さて、↑は古代イスラエル王国2代目の王ダビデの治世で起こった大スキャンダルの後の話。このとき何があったのか。ダビデは王でありながら、戦争中でありながら戦闘の先頭に立たず、王宮で休み、ふと隣を見ると美しい女性、しかも自分の部下の妻バテシェバの水浴びを見、気に入り、王宮に招き入れ、不倫。そこで妊娠し、それをごまかすために、バテシェバの夫を呼び戻し、床を奥さんと共にしてごまかそうとするも、今すべきことは損な事ではない、仲間が必死に戦っているのに、と拒否し、諦めたダビデは、夫ウリヤを最前線に残して死ぬように仕向け、敵に殺させた。そして、悲しみの中にあるバテシェバを妻としてダビデは迎えるのでした。
週刊誌がこの時代にあったら大騒ぎだったでしょうね。そして他人事のように見て、ダビデを裁く。実はこの不倫・隠蔽殺人事件の話の分かち合いに入ってから、様々な反響をいただきました。その中で思わされたのは、ダビデは王、指導者、裁きは指導者から、と聖書で言われていますが、その責任はとても大きい。この先の将では国はクーデターが起こる。この時のショックで初動が遅れた可能性もありますが。
ただ、一つ気づかされたのは、このダビデは、私たちであり、私であり、あなたでもある、という事。他人事のようにこれを見て、ダビデは最低だ!これだから男は、とかいろんな意見をいただきました。でも、そもそも私たちはダビデは悪い!これだから旧約はダメなんだ、なんて言えるほど清廉潔白な人間?真人間?
それを言ったら何も言えなくなる?でも罪は罪、この後ダビデは、またバテシェバもそうですがとても苦しむ事になります。生まれた子供は病気ですぐになくなりますし、ダビデはこの罪の影響で骨が干からびる程に苦しんだ、と後に書き残しています。パウロは「罪から来る報酬は死です」と手紙に書いていますが、まさにその通り。霊的にも苦しむ、死んだような状態になる、それをダビデ自身体験します。
ただ、これは聖書の話、ダビデが悪い、ダビデの問題、で私たちは片づけてはいけないのです。預言者ナタンは、神様から導かれ、このダビデの罪を指摘するように言われ、向かいます。どれだけ悩んだ事でしょう。でも、ダビデは↑でナタンに例えで話された時にそれは自分が犯した罪だったという事を気づかなかった。

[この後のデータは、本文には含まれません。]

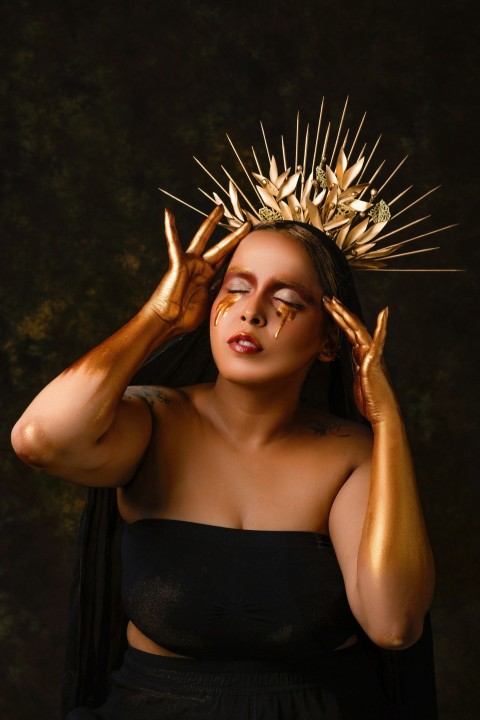 a woman with a crown on her head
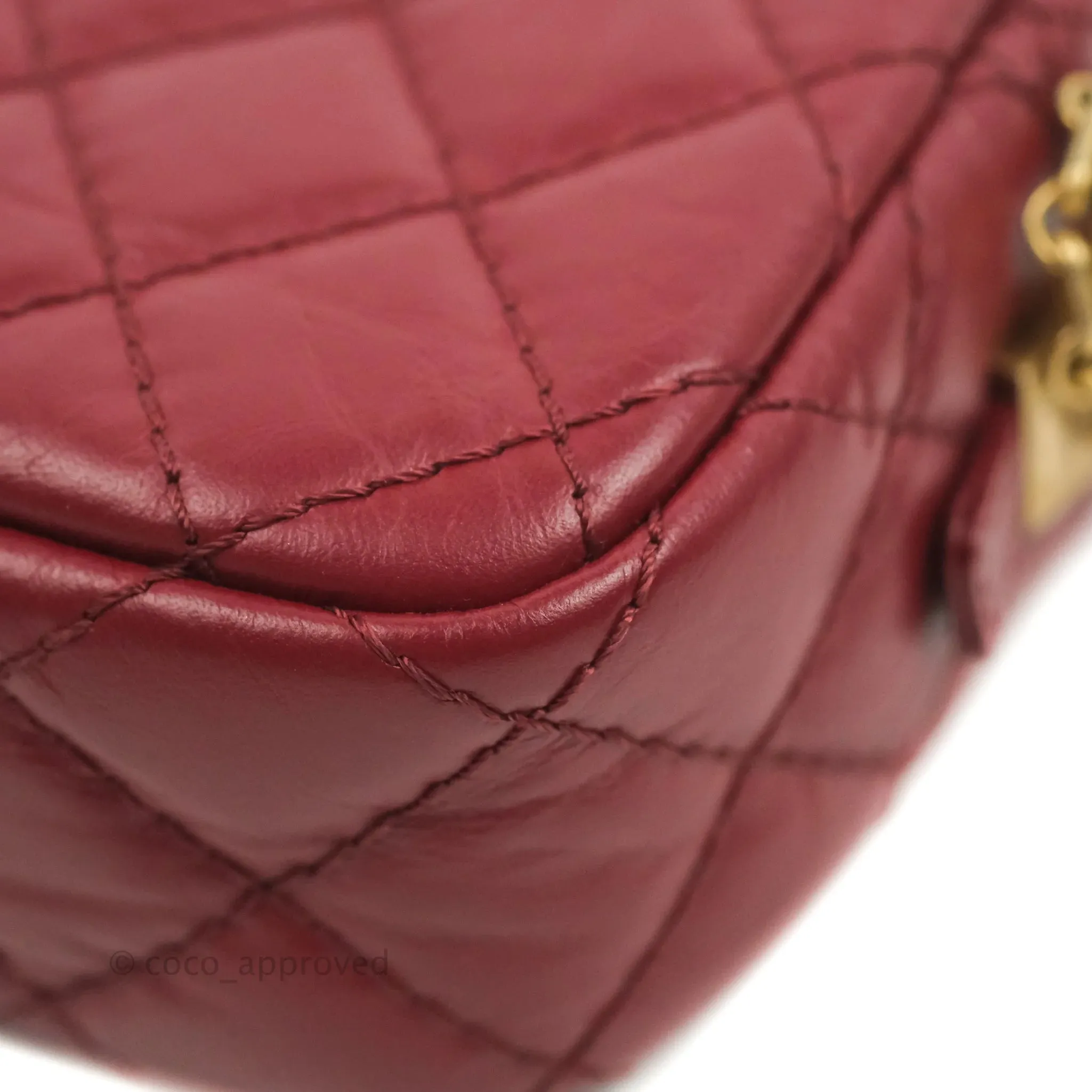 Chanel Quilted Mini Reissue Camera Case Red Aged Calfskin
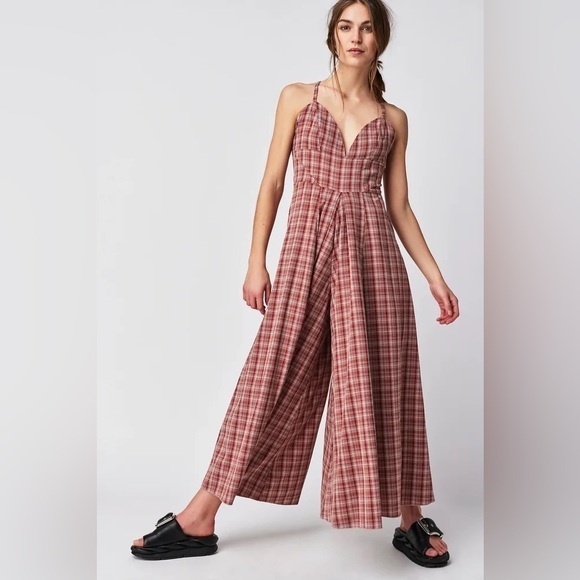Free People Kaia Plaid Jumpsuit - Picture 1 of 11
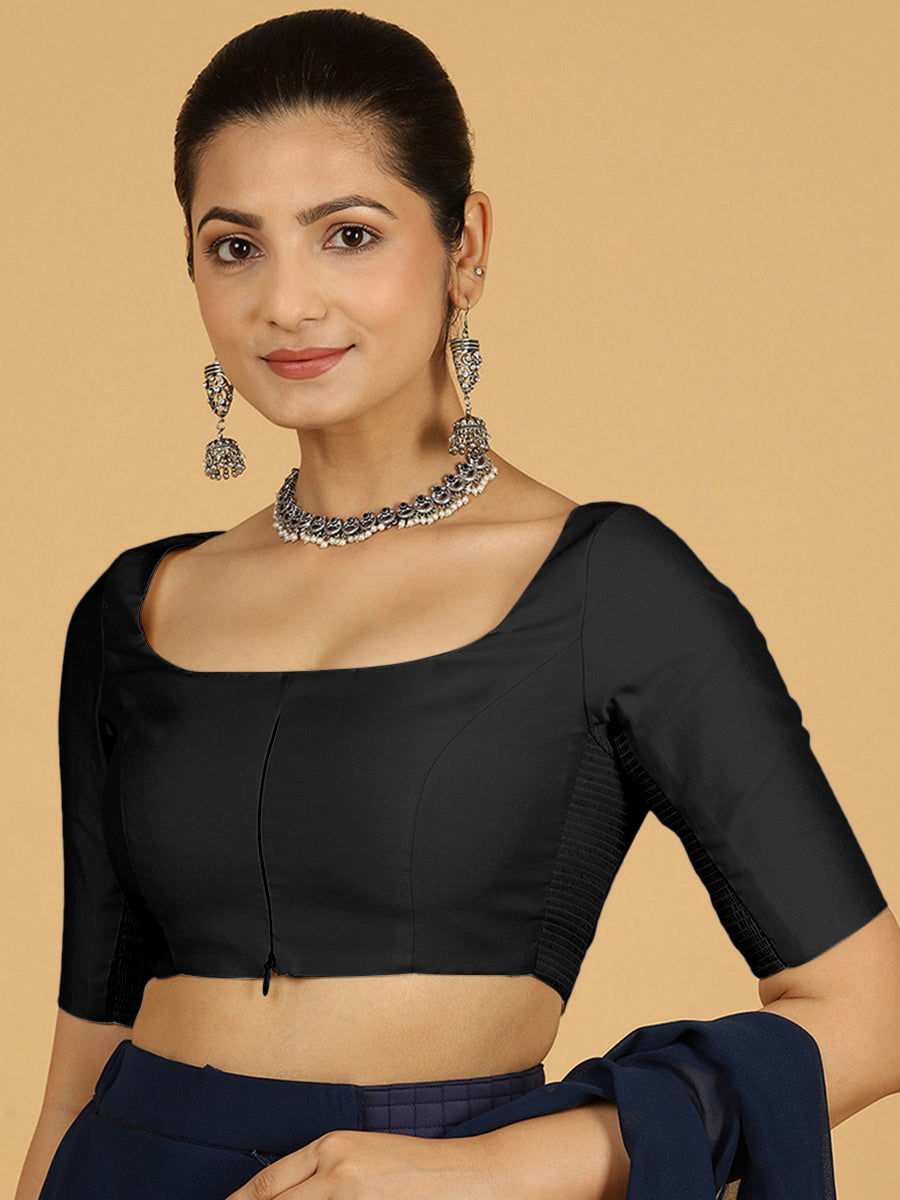 Nidhi x Rozaana Saree Blouse, in Black Viscose, featuring elbow sleeves and scoop neckline, made for daily & work (view 6).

イエス様は、自分の大きな梁が目にあるのに、人の目にある塵にはよく気づき裁く、と仰られていますが、まさにそんな状態になりやすい。もちろん、ナタンのように、間違っているものは間違っている、と「悔い改め」に導く必要もあります。
でもそこからなんです。私たち自身、神様が何かを示された時、ナタンを通してダビデにその罪を示したときのように、それを他人事としてみるか、受け入れるか。ダビデは、そんなものは殺してしまえ、と言っていますが、そもそも私たちはどうして誰かを裁く権利があるだろう?ダビデの罪はダビデの罪。でも、私たち自身が、じゃあダビデの罪以外の面で罪はないのだろうか?
私たちはある意味で誰かを責め、ある意味で物理的ではなくとも殺す、ということはできる。イエス様も心の中で憎めばもうそれは殺しているのと同じ、とおっしゃられている。ナタンはただ裁きに来た?ダメなことはダメ、で終わり?そうじゃない、もしそれだけなら神様は、ダビデを討つこともできる。この後、ダビデとバテシェバの子が死ぬように。でも神様は、ナタンを通してダビデを悔い改めに、神様の道に立ち返らせたかったのではないか。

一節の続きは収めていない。